A ‘complexity parameter’ can be defined which will only allow a splitting if there is a big enough improvement in model fit and if not, then the tree will stop growing (rather than being
‘pruned back’, the tree is not allowed to grow, so the gardening metaphor behind the terminology does not reflect the mathematical processes).
The complexity parameter takes into account the number of patients at the ‘node’ or decision point to be split, the number of nodes in the tree as a whole and the change in the predictive ability of the whole tree (the model fit) as a result of the split. The complexity parameter informs the tree growing algorithm that a further split is allowed if it reduces the overall lack of fit (the residual mean square) by a certain factor (the value of the complexity parameter)
165 Identifying the best value for the complexity parameter comes from a cross-validation
exercise. The dataset is randomly split into a number of groups and classification trees are
‘grown’ using the same initial variables but only using the data from outside a given group and tested for how accurate its predictions are on data in the given group, by deriving a misclassification rate. This is done over a range of different complexity parameters, which will therefore result in a range of tree sizes for each attempt to predict the diagnosis in a given group. This whole process is repeated for each of the randomly constructed groups, one at a time, giving a misclassification rate each time a complexity parameter is tested in each of the groups. This results in an estimate across the groups of the misclassification error for each potential value of the complexity parameter.

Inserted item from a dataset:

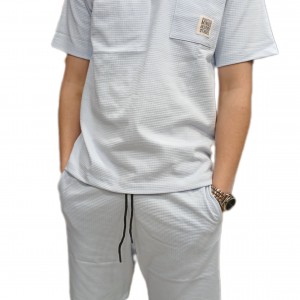 ست شلوارک و تیشرت MOTARD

The ideal complexity parameter (cp) is the one that results in the least error. As tree size increases, associated with lower and lower potential values of the cp, a minimum value can be identified. However, as this could still be associated with a large tree, the ideal value is taken as one that is within one standard error of the minimum value. This allows the choice of a cp which is low enough to reduce misclassification but not so low that it will end up generating a tree that is as complex as the initial one.